**Data for the task**
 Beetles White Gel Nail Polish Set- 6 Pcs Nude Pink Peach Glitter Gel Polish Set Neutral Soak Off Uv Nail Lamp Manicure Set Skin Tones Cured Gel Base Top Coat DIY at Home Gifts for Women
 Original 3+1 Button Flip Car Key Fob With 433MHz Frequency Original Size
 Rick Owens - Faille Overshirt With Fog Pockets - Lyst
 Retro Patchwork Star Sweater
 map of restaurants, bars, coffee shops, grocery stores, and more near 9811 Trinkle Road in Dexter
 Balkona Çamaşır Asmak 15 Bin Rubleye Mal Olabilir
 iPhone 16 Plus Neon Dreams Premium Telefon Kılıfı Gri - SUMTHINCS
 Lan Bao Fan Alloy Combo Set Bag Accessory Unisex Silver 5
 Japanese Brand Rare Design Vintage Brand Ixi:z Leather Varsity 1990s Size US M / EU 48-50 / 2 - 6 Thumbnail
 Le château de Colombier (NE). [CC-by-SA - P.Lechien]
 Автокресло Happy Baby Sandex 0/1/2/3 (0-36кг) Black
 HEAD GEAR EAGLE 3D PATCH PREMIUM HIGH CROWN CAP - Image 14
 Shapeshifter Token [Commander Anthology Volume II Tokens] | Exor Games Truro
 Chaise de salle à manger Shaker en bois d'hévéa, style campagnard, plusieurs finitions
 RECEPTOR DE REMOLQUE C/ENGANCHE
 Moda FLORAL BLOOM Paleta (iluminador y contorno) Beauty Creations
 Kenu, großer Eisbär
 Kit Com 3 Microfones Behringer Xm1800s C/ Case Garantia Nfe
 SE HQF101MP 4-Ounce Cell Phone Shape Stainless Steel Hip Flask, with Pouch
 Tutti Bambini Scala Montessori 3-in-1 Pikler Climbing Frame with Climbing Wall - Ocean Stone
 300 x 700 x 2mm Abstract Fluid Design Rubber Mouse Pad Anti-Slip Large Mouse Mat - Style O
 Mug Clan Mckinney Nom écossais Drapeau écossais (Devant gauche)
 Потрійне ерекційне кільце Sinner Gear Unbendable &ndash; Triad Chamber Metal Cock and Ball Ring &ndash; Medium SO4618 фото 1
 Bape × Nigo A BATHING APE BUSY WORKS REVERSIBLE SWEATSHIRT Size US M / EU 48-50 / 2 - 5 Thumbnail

**What is being asked**
The stretch of entries above that starts with the line containing "Original 3+1 Button" and goes on through the line containing "Автокресло Happy Baby" is to be transcribed exactly, and no other line is to be transcribed.

**Solution to this problem**
 Original 3+1 Button Flip Car Key Fob With 433MHz Frequency Original Size
 Rick Owens - Faille Overshirt With Fog Pockets - Lyst
 Retro Patchwork Star Sweater
 map of restaurants, bars, coffee shops, grocery stores, and more near 9811 Trinkle Road in Dexter
 Balkona Çamaşır Asmak 15 Bin Rubleye Mal Olabilir
 iPhone 16 Plus Neon Dreams Premium Telefon Kılıfı Gri - SUMTHINCS
 Lan Bao Fan Alloy Combo Set Bag Accessory Unisex Silver 5
 Japanese Brand Rare Design Vintage Brand Ixi:z Leather Varsity 1990s Size US M / EU 48-50 / 2 - 6 Thumbnail
 Le château de Colombier (NE). [CC-by-SA - P.Lechien]
 Автокресло Happy Baby Sandex 0/1/2/3 (0-36кг) Black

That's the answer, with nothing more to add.